Frequent returns can also damage brand reputation and erode customer trust, leading to higher cart abandonment. Businesses must strike a balance between intentionally attracting high-value customers with customer-centric returns policies and limiting sales, and thus growth, by being too restrictive in this area.

Demographics

Several research studies have been published on the demographics associated with high e-commerce return rates, and the groups returning items most often tend to be:

  • Higher-Income Households: These shoppers are more likely to return items, possibly because they shop for fun or take chances on products they haven’t fully researched.
  • Wealthier Countries: Countries with higher economic strength, like the U.S., U.K., and Germany, have higher return rates. This is partly due to more lenient return policies and higher disposable incomes.
  • Frequent Shoppers: Enthusiastic shoppers who are excited to explore new products tend to return items more frequently.
  • Apparel Shoppers: Customers buying apparel have one of the highest return rates because they can’t try on clothing before purchasing online.

These insights suggest that understanding the demographics and behaviors of a brand’s customers can help retailers implement strategies specific to their business to reduce return rates.

Summary

Changes in consumer behavior, such as the preference for easy returns and free return shipping, are driving higher return rates, which has significant operational and financial implications for online retailers, forcing them to tackle the problem head-on as it can no longer take a back seat.

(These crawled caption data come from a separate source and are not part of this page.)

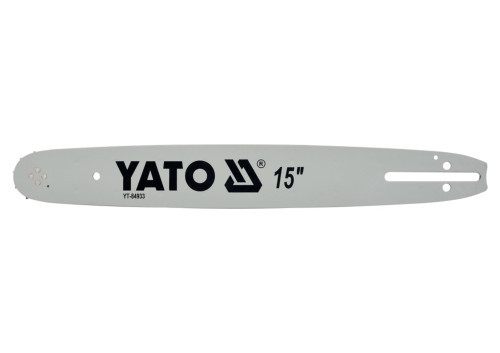 Шина направляюча ланцюгової пили YATO YT-84933 L=15"/ 38 см (64 ланки) для ланцюгових пил YATO YT-84905, YT-84945, YT-84962 - 1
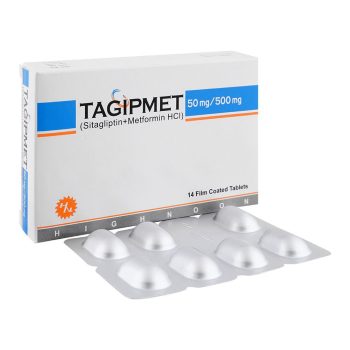 Tagipmet?Tablets 50/500Mg (1 Strip = 10 Tablets)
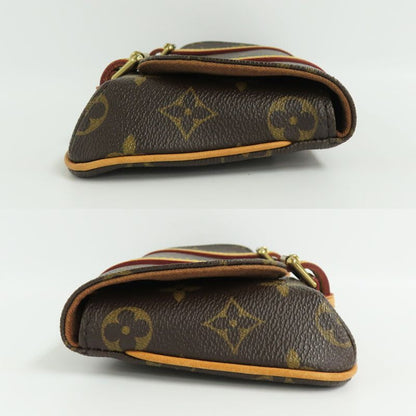 Louis Vuitton Pochette Marel M51159 Monogram Waist Bag Pochette Belt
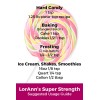 LorAnn Peach Concentrated Flavoring 4 Fl Oz Super Strength Baking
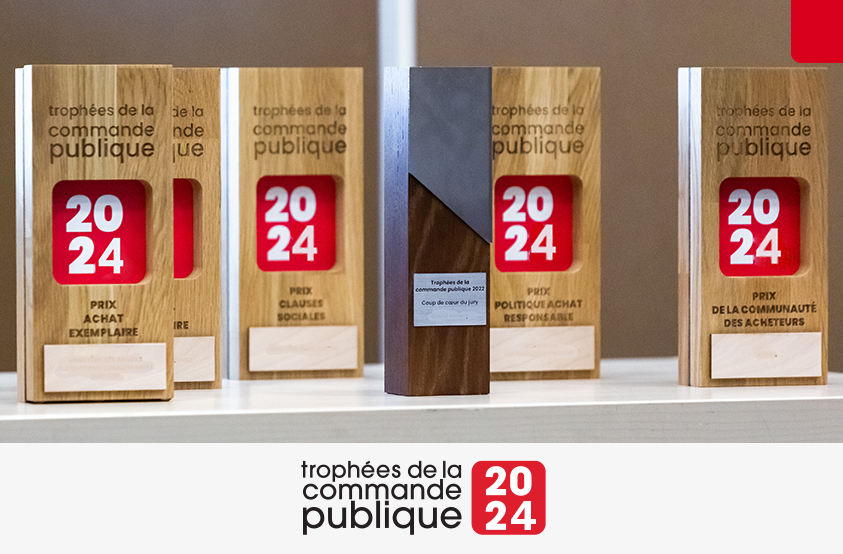 Les Trophées de la commande publique 2024 : découvrez les lauréats !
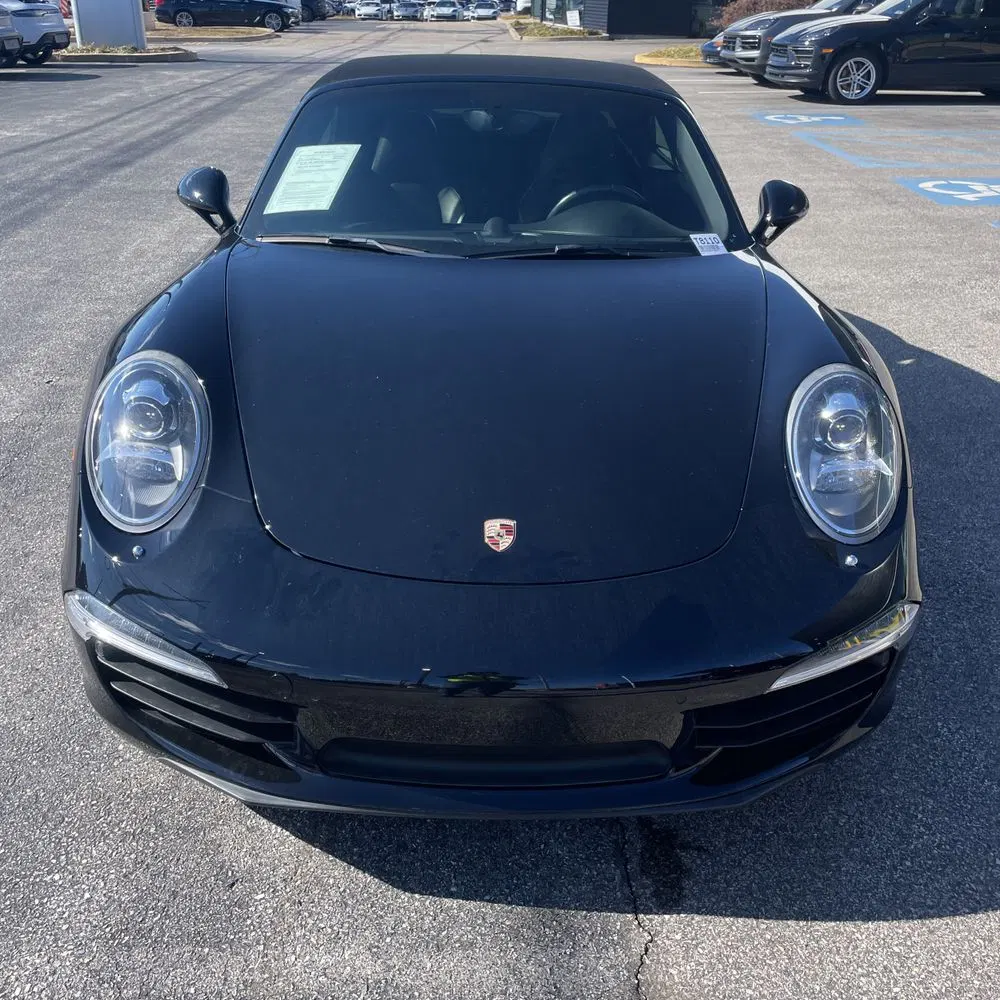 2015 Porsche 911 Carrera S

A multi-pronged approach focused on enhancing the customer experience, optimizing reverse logistics, and leveraging data-driven insights can transform this liability into a competitive advantage. Offering incentives like extended return windows, store credits, or free exchanges instead of refunds can encourage customers to retain their purchases and prevent revenue erosion.

By getting returns right with clear returns policies, demographic-tailored solutions that don’t compromise business objectives, and proactive customer support, retailers can build customer loyalty, improve profitability, and contribute to more sustainable commerce. If done well, customers will buy again. Done poorly, and they will never look back.